*** Information shown ***
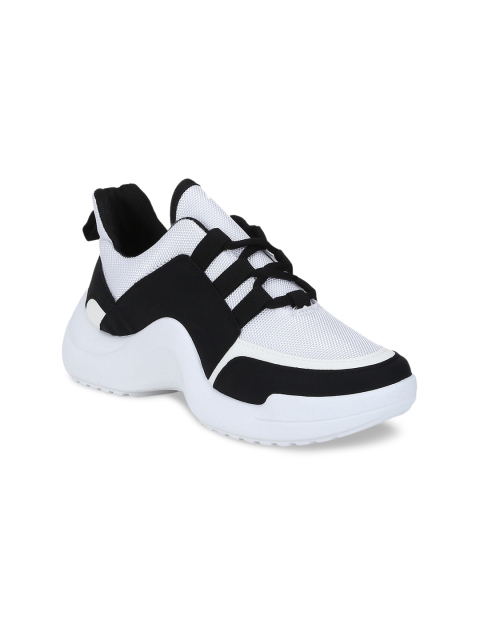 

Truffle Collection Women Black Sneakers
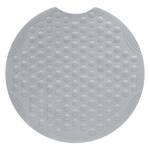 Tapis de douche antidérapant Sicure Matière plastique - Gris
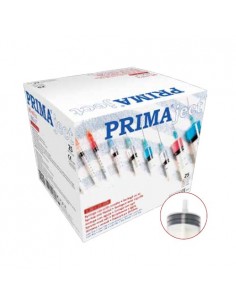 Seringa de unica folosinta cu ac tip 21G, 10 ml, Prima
*** End of Information shown ***
*** Information shown ***
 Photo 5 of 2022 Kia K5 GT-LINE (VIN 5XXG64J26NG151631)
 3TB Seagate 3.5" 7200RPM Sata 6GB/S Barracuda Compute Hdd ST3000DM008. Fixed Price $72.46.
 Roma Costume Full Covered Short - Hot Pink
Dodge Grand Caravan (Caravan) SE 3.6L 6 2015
*** End of Information shown ***
Exercise aim: After locating the line with "Roma Costume Full Covered Short - Hot Pink" in the material above, return it and each line after it exactly, ending at the line with "Dodge Grand Caravan (Caravan) SE 3.6L 6 2015".

Solution to this problem:
 Roma Costume Full Covered Short - Hot Pink
Dodge Grand Caravan (Caravan) SE 3.6L 6 2015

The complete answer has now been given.